The Disney Research team, spread out all over the world and drawing from a global talent pool, is responsible for a number of significant innovations. The latest topic that Disney has published a research paper on promises to revolutionize the way surveillance is carried out.
The cameras you see clipped to the corners of walls in commercial spaces provide a continuous feed of their recording to the establishment’s security personnel. It’s up to the personnel to keep an eye out for any person caught in the recording who might constitute a threat to the area.
Of course, such individuals can hardly be expected to stand in one area to be continuously tracked by the same camera long enough for security to find them. The person will be constantly moving between different parts of the establishment, showing up on different camera feeds that will all need to be kept an eye on by the security personnel to track the person’s movements.
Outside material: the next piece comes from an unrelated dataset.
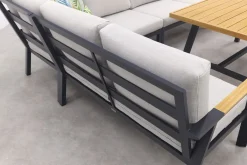 GI Elati lounge-dining hoekset (5-delig) - Carbon Black/Zand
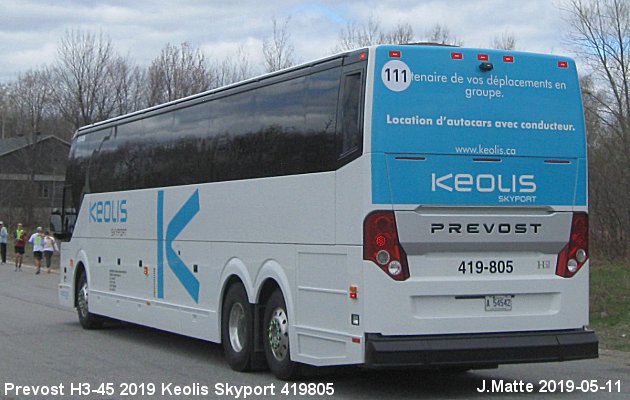 BUS/AUTOBUS: Prevost H3-45 2019 Keolis Skyport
New image recognition software is being developed which will take over the tracking part of surveillance. It’s the same type of software already being used by Facebook and various other sites to confirm the identity of their users.
While current software works great when the subject is staring right at the camera and standing very still, things get more tricky when the person caught on camera is moving around. Different parts of the face get varying amounts of light at different angles. Subtle movements of the face or body can throw off the software’s recognition capacity. The Software can be confused well enough to allow the individual under surveillance to slip out of view simply due to random background objects. Or differently colored hair. Or sunglasses.
A Patchy Solution
For some time now, Disney has been working on improving the image-recognition ability of the many, many security cameras installed all over the Magic Kingdom.
The solution they’ve come up with is as elegantly simple at the theoretical level as the actual work put into it is complicated. Basically, instead of having the software identify the full face of an individual and trying to track it across different feeds, the new program identifies tiny, rectangular sub-regions of the person’s face called ‘Patches’. Identifying individual patches instead of the full face means the software has to do several times more work to process the image than it currently does.
But the software’s image-recognition ability also improves significantly. Since the software is now using a composite of different parts of the individual’s face and body, even if those parts show up under different lighting and background condition, they become far easier to identify and track.
Experiments conducted by the research team have already proven that this new system of identification works much better than earlier-used detection systems.
So how soon will we see this new and improved form of video surveillance hit the streets of The Magic Kingdom? That’s hard to say. The research that has gone into designing the software is solid, but also very recent. A host of real-world experiments will have to take place before the project is given the green signal. Which means you can rest easy for now knowing the cameras won’t be able to track you after you punch out random employees on a visit to Disneyland and try to make a break for it.
Once the software does see wide-scale deployment in the coming years, it will significantly raise the standard of satellite surveillance operations. In the past, some of the worst accidents have occurred because automated drones had been unable to properly identify and track their targets, and innocent people ended up paying the price for that mistake. This new software should go a long way towards making the work of tracking criminals easier for law enforcement, with the improved data sets obtained by the software from the video also carrying more weight in court.
Of course, there is that inevitable flip side of the research pertaining to the privacy issues that crop up whenever the topic of surveillance comes up. How soon before you get illegal drones relentlessly stalking celebs in their private lives, no matter how hard they try to dodge the drone’s camera? How soon until every single step you take outside your house is caught up on some sort of government camera that can track your movements no matter where you go or what you look like?